Dans le numéro de mai 2014 de la Harvard Business Review, un article, écrit par des consultants de Bain, qualifie le temps des managers de « ressource la plus rare ». Les auteurs partent d’un paradoxe : les entreprises consacrent des efforts et élaborent des procédures pour gérer leur capital financier, avec, notamment, un business case pour chaque investissement conséquent.
À contrario, le temps des collaborateurs d’une organisation n’est quasiment jamais géré. Ressource finie par définition, non seulement la gestion des interactions entre les individus n’est pas maîtrisée (e-mails, réunions, téléconférences et autres activités chronophages…), mais la structure du temps des collaborateurs n’est pas connue dans les entreprises.
« Le temps passé dans les meetings internes représente autant de temps qui n’est pas consacré aux clients », soulignent les auteurs. Et de rappeler la citation d’Andrew Grove, l’ex-patron d’Intel : « Tout comme vous ne permettriez jamais à l’un de vos collaborateurs de voler un objet appartenant à votre entreprise, vous ne devriez jamais laisser quelqu’un disposer à sa guise du temps d’un manager. »

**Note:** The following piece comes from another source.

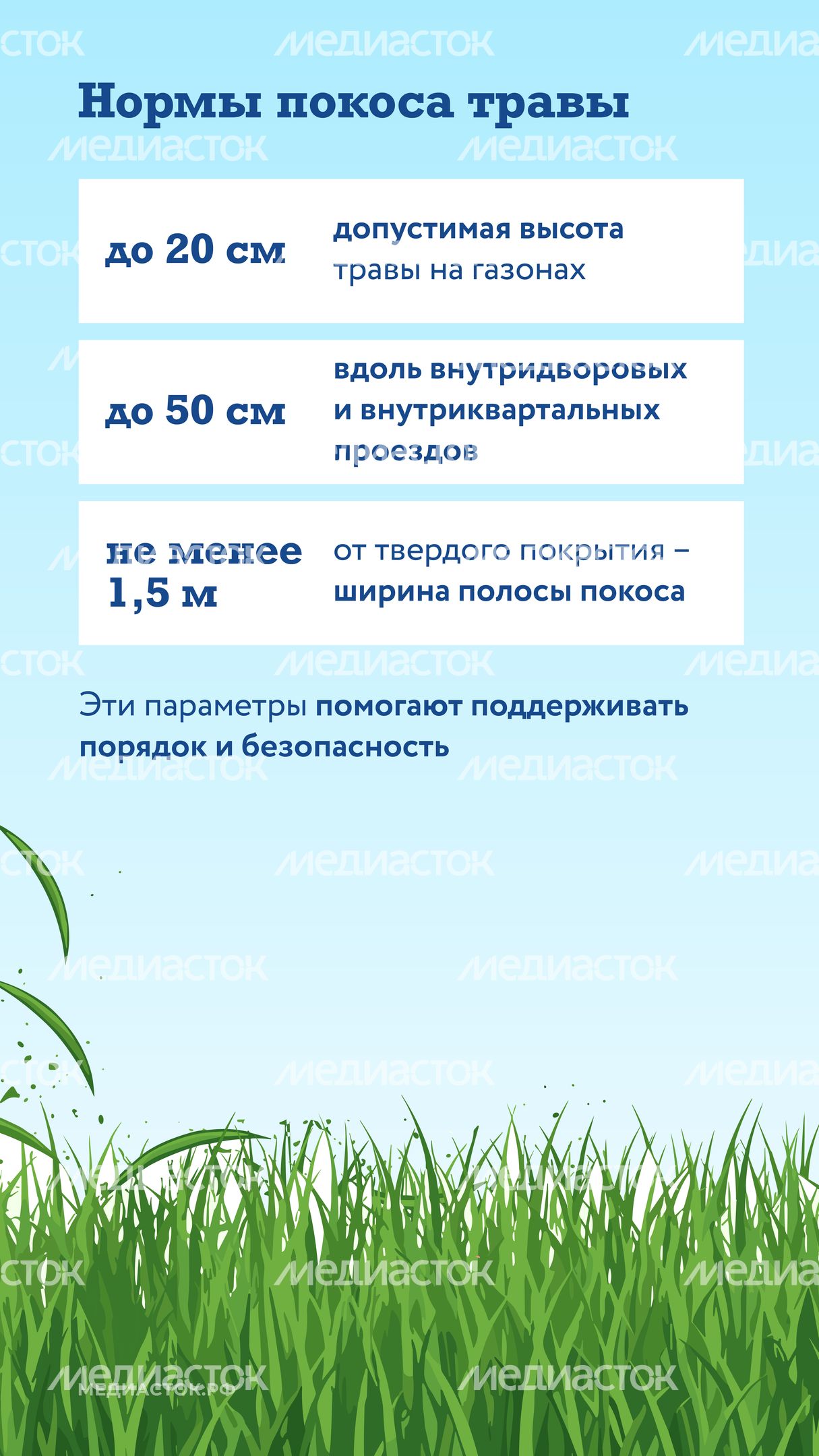 Как ухаживают за газонами вертикаль 04 Как ухаживают за газонами вертикаль 04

De la distraction dans les réunions
Les auteurs pointent plusieurs travers dans les entreprises : d’abord, le temps consacré aux réunions est à la hausse, en moyenne cela représente l’équivalent de deux jours par semaine pour un manager et, à l’échelle d’une entreprise, environ 15 % du temps de travail global de tous les collaborateurs. Ensuite, on observe que la vraie collaboration est, en réalité, rare : l’essentiel des interactions s’effectuent entre les collaborateurs d’un même service et peu entre les différents services.
Les auteurs mettent également en exergue des dysfonctionnements, tel que l’envoi d’e-mails pendant les réunions : en moyenne 22 % des participants à une réunion envoient plus de trois e-mails toutes les trente minutes, selon une enquête menée par Bain. Pire, « les managers ont tendance à planifier plusieurs réunions en même temps et choisissent au dernier moment celle à laquelle il est pertinent d’assister, ce qui crée un cercle vicieux. »

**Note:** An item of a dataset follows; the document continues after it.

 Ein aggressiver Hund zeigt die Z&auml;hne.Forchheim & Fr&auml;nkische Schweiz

Autre travers : l’organisation de réunions ne fait l’objet d’aucun contrôle, n’importe qui peut ainsi réquisitionner le temps des autres pour discuter d’un sujet, pas toujours crucial… Il n’y a pas de sanctions contre les initiateurs de réunions improductives (elles sont considérées comme telles par un manager sur deux selon l’étude Bain), alors qu’elles existent lorsque des collaborateurs sont sous-productifs.

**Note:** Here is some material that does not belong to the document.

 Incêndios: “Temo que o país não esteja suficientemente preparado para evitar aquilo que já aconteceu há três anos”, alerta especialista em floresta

Responsabiliser les responsables !
Comment dès lors, contourner ces difficultés ? Les auteurs suggèrent plusieurs bonnes pratiques :
- séparer l’urgent de l’important,
- raisonner à « budget-temps base zéro », à l’image des budgets financiers, remis à zéro chaque année (l’idée est de ne plus investir de temps supplémentaire sans que ce soit justifié),
- exiger un business case pour toute initiative,
- simplifier l’organisation, désigner les responsabilités pour les investissements en temps et l’organisation de réunions (par exemple : toute réunion de plus de 90 minutes doit être approuvée par un manager),
- standardiser les processus de décision, systématiser les ordres du jour, commencer et finir les réunions aux heures prévues…
Retrouver la maîtrise du temps demande donc un minimum d’organisation : c’est l’ambition du nouveau titre de la collection « La boîte à outils », publiée chez Dunod. L’auteur, manager de l’offre efficacité professionnelle chez Cegos, propose 71 fiches pratiques très claires, très utiles et faciles à lire (donc à retenir). Avec, en particulier, trois focus : comment gérer les surcharges de travail, gérer les sollicitations et chasser le temps stérile des réunions. Voilà bien résumées les trois plaies des DSI…
La boîte à outils de la gestion du temps, par Pascale Bélorgey, Dunod, 2014, 190 pages.
« Your Scarcest Resource », par M. Mankins, C. Brahm et G. Caimi, Harvard Business Review, mai 2014.